Iósif (o Joseph, o José, si se sienten particularmente parroquiales) Stalin murió el 5 de marzo de 1953, hoy hace setenta años. Aunque hasta la muerte está atravesada por las clases sociales —fíjense si no en los cementerios y la diferencia entre las lápidas—, también tiene algo de democrático: desnuda a todas las personas de sus títulos y riquezas, al final solo queda un cuerpo tieso.
Así encontraron a Stalin, tirado en su alfombra. La autopsia contó que fue un accidente cerebrovascular.
Lo que pasó antes ya lo saben: líder de la Unión Soviética y el Partido Comunista por décadas, responsable de miles de muertes, justo merecedor de su apodo de hombre de acero. Lo que pasó después también lo conocen: la desestalinización y, progresivamente, el fin de la Unión Soviética.
Y como ya conocen lo que pasó, hoy los invito a acercarse a Stalin a través de lo que se ha escrito de él. No desde los libros de historia, sino desde la literatura. Lean, por ejemplo, el relato cómico y absurdo que es “La muerte de Stalin”, de La analfabeta. Su autora es Agota Kristoff, la escritora húngara que con pocas palabras hizo una crítica gigantesca al totalitarismo soviético. Lean también El hombre que amaba a los perros, del cubano Leonardo Padura, para adentrarse en la persecución y posterior asesinato de León Trotsky por parte del régimen stalinista. Lean a Ósip Mandelshtam, autor de Epigrama contra Stalin, en el que comparó sus dedos con gordos gusanos y sus bigotes con una cucaracha. Lean también a su esposa Nadiezhda Maldeshtam, autora de Contra toda esperanza. Lean Moscú Feliz, de Andréi Platónov, perseguido por Stalin. Lean a Juan Forn, que desde Argentina rastreó esta tradición con creatividad y profundidad.

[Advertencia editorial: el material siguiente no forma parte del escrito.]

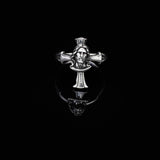 Handmade Cross Jesus Ring - 925 Sterling Silver Men's Christian Jewelry with Silver Polishing Cloth Gift — image 6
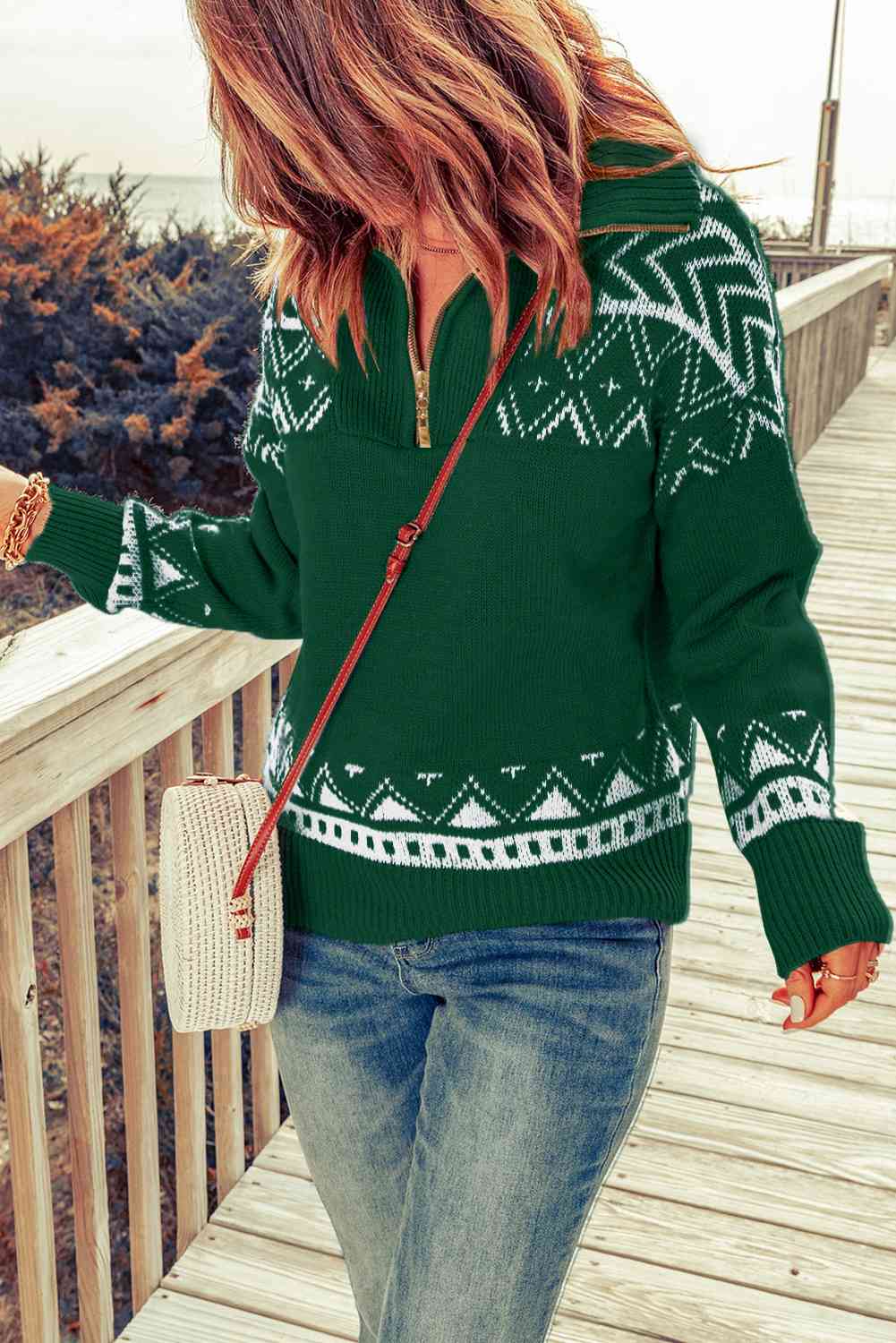 Aztec Zip-Up Pullover Sweater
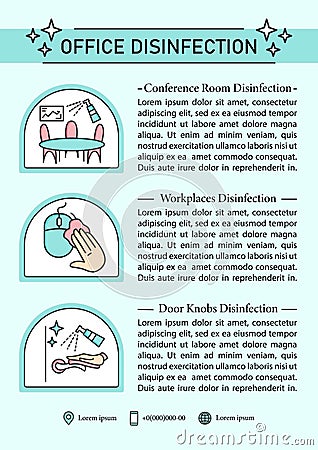 Office disinfection brochures Vector Illustration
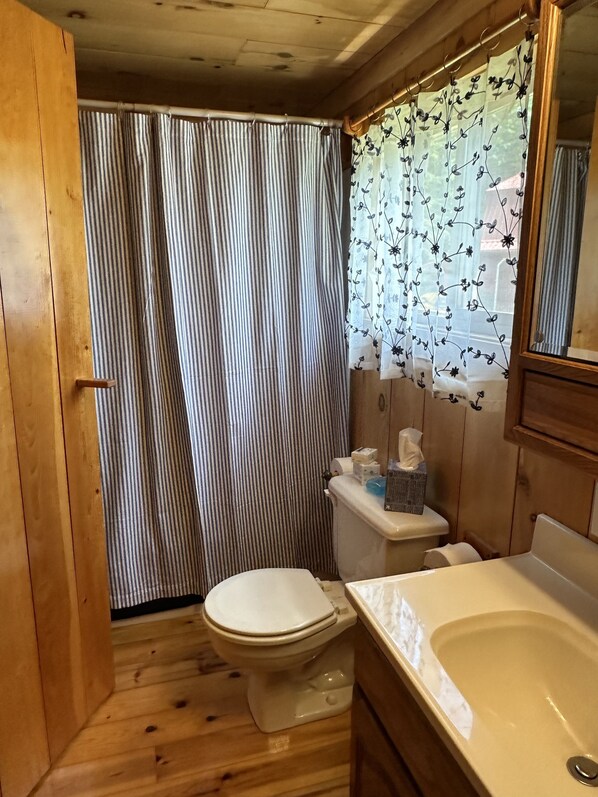 Un baño con piso de madera, un inodoro, un lavamanos y una cortina de ducha.
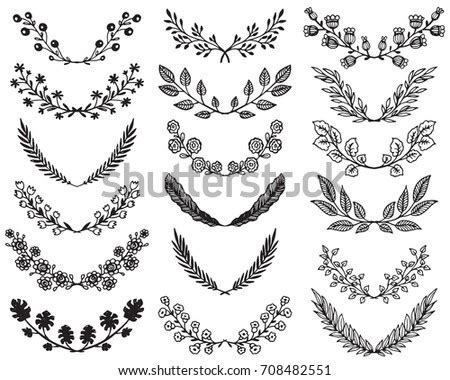 Vintage Set Hand Drawn Rustic Laurels Shutterstock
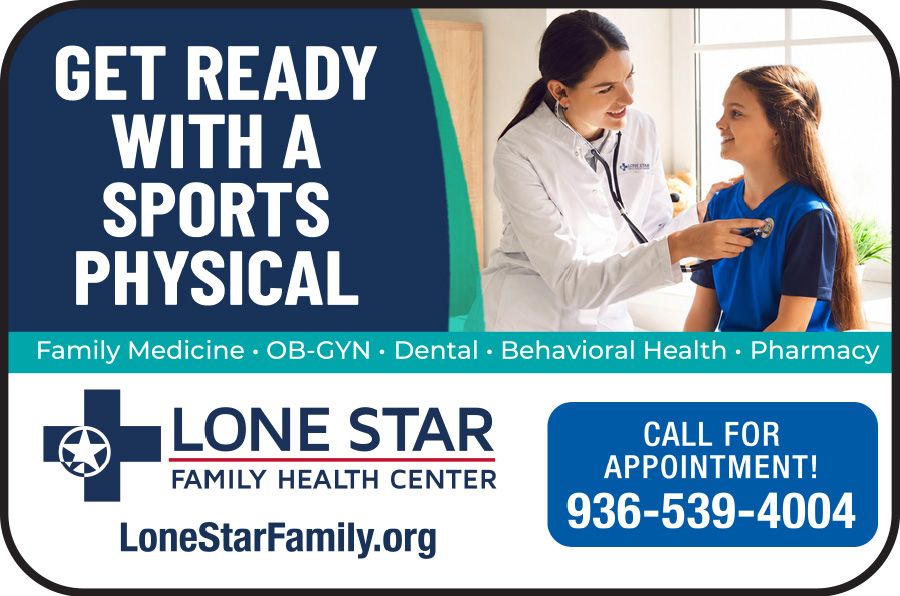 Lone Star Family Health Center ad for sports physicals, with doctor examining a child and appointment phone number.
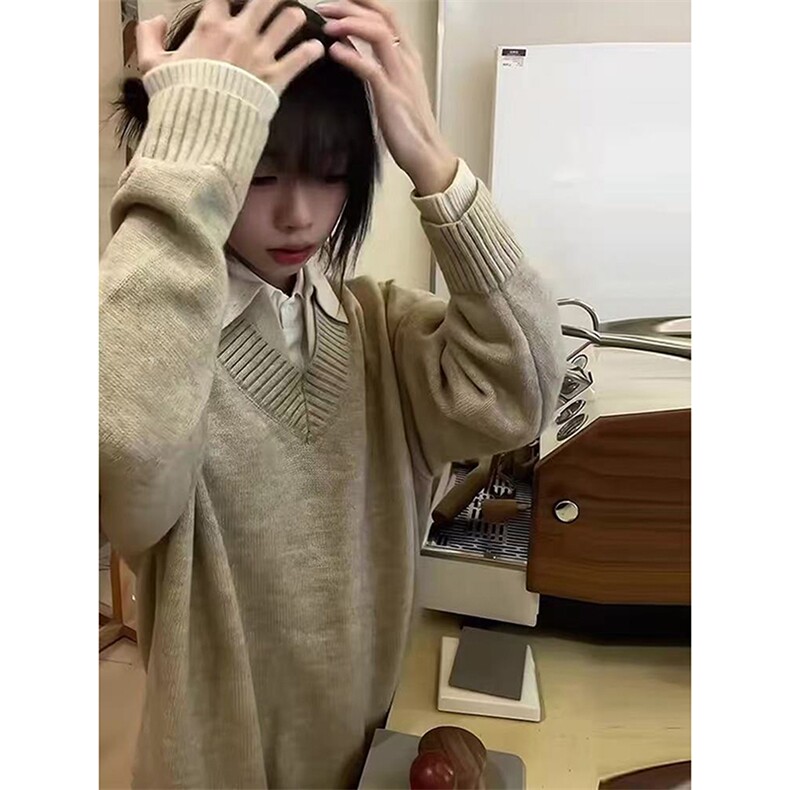 网图A2310TP65-秋冬翻领美式复古纯色衬衫领男女款休闲假两件毛衣,男装针织衫/毛衣,电商B241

Lean estos textos porque Stalin fue un gran censor de literatura, experto en castigar la imaginación, como muestra reaccionaria y contrarrevolucionaria. Léanlos porque, de hecho, algunos de estos autores fueron censurados durante su vida. Léanlos porque, en el septuagésimo aniversario de su muerte, leer lo que él no quería que se leyera es la mejor forma de recordarlo.